Find how many lines of the listing include the string "Copper", and report only that figure.

= Beginning of Section =

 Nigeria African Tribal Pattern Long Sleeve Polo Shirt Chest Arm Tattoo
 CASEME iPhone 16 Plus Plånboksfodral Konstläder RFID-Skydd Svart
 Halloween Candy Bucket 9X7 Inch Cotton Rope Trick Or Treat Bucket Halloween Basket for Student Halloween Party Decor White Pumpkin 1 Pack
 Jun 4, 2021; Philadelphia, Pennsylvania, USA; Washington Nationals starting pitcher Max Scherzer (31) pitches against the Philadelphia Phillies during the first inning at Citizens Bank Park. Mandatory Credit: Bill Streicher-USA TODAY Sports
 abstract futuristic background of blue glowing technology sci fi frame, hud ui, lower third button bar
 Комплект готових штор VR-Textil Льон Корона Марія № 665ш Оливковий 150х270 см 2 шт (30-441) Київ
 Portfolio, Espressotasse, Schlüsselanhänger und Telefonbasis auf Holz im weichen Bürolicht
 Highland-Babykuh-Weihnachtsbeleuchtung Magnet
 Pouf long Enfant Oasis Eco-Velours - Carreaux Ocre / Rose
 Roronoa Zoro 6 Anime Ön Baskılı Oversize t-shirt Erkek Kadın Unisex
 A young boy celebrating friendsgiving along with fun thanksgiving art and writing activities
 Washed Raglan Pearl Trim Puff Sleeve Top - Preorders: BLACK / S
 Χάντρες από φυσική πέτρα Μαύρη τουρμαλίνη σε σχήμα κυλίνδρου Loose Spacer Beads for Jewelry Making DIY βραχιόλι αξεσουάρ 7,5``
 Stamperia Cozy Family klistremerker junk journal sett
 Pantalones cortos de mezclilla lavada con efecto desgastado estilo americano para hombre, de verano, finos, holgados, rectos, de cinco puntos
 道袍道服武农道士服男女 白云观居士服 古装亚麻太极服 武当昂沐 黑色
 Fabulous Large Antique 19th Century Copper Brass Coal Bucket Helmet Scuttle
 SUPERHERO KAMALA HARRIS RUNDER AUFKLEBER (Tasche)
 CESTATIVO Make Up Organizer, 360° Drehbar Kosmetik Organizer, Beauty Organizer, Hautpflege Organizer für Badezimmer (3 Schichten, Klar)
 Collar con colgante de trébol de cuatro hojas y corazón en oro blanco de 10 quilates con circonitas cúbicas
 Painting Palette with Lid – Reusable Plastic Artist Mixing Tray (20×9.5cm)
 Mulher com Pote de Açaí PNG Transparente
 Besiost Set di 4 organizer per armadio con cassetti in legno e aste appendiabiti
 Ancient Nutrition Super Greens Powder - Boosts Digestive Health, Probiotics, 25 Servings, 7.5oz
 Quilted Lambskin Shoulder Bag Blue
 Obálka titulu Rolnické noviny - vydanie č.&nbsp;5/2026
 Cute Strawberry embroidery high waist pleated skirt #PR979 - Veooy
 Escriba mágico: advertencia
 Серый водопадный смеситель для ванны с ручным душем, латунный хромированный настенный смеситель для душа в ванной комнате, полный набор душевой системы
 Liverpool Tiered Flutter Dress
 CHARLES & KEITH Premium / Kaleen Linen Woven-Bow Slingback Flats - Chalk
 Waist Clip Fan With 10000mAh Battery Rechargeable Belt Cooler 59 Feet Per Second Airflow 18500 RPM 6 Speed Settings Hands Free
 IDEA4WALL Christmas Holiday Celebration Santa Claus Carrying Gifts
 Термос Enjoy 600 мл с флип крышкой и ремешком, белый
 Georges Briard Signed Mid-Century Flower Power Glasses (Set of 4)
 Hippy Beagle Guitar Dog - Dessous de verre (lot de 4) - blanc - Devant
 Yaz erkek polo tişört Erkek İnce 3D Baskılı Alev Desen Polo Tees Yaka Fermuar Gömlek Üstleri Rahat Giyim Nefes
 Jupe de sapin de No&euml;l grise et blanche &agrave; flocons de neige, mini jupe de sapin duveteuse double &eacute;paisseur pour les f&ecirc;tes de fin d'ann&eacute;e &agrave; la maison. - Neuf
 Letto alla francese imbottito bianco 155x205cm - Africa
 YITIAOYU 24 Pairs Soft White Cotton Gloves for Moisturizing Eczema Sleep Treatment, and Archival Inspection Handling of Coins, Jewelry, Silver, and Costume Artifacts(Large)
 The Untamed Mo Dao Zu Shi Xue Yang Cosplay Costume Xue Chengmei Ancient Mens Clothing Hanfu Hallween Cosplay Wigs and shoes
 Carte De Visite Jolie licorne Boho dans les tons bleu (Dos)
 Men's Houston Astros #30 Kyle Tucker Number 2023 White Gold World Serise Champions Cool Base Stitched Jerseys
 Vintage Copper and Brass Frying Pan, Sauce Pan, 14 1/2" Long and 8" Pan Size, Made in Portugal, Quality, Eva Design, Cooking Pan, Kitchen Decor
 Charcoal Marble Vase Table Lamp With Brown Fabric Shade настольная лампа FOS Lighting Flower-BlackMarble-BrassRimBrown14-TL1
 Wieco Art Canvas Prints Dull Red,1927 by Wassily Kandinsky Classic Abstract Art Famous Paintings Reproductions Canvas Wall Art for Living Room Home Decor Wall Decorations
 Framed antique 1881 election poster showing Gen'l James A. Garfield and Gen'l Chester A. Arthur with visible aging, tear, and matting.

= End of Section =

**EXERCISE SOLUTION:** 2